Lebih lanjut, Ginanjar menyampaikan bahwa pesantren memiliki kiprah yang luar biasa sebagai penjaga peradaban aksara Nusantara. Ia hadir sebagai penyambung lokus tradisi pendidikan Islam layaknya Timur Tengah, Andalusia, Eurasia, dan wilayah lainnya.
Pesantrenlah yang menyambungkan antara Aceh dengan Istanbul, Banten dengan Makkah, Demak dengan Samarkan, Makassar dengan Madinah, Pasai dengan Andalus, Madura dengan Kaukasia, Betawi dengan Hadramaut, Minangkabau dengan Maghrib, Pattani dengan Krimea, dan seterusnya.
Jembatan silaturahim antara wilayah Nusantara dan wilayah Islam lainnya, menurut dia, bukan hanya hubungan kontak politik dan ekonomi. Lebih dari itu, para ulama membangun jembatan yang disebut sebagai jaringan keilmuan atau sanad. Hal ini masih dapat dijumpai di pesantren-pesantren tradisional hingga sekarang.

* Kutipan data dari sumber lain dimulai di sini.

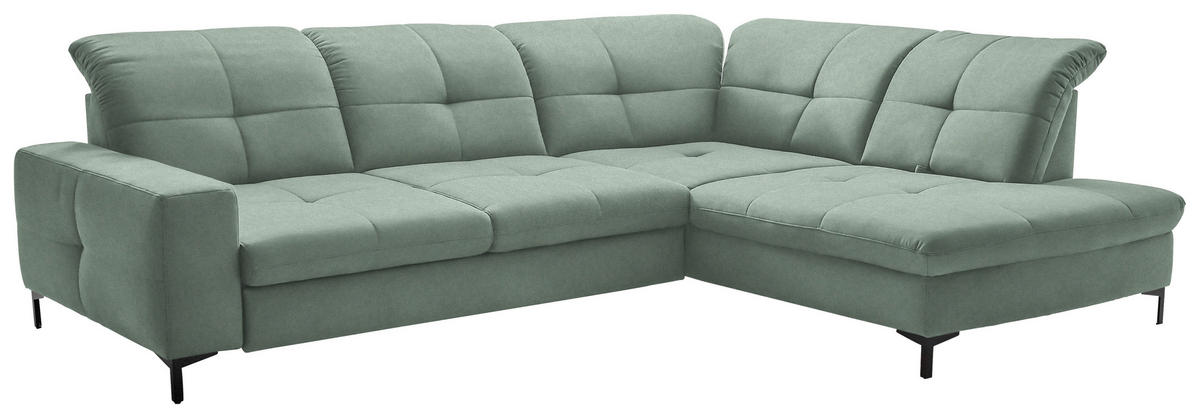 ECKSOFA in Chenille Mintgrün  - Schwarz/Mintgrün, Design, Textil/Metall (310/240cm) - Xora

"Terbangun dengan kokoh, terikat dengan erat oleh jaringan keilmuan, oleh tradisi yang disebut isnad, baik antara tokoh ulamanya, maupun karyanya," terang Dosen Fakultas Islam Nusantara (FIN) Universitas Nahdlatul Ulama Indonesia (Unusia) itu.
Kitab-kitab yang telah ditulis oleh para ulama ratusan tahun silam sampai saat ini masih ditulis ulang, dikaji, dipelajari, diterjemahkan, hingga dikomentari di pesantren.
Karya Imam al-Ghazali, misalnya, yang ditulis 1000 tahun lalu masih bisa dijumpai, dipelajari, diajarkan, dilestarikan, ditulis ulang, diterjemahkan dalam bahasa aslinya di pesantren-pesantren tradisional.
"Karya tersebut bukan hanya dipelajari dalam bahasanya, tetapi juga dibahasakan sesuai dengan pemahaman dan maksud sang pengarang," ujarnya.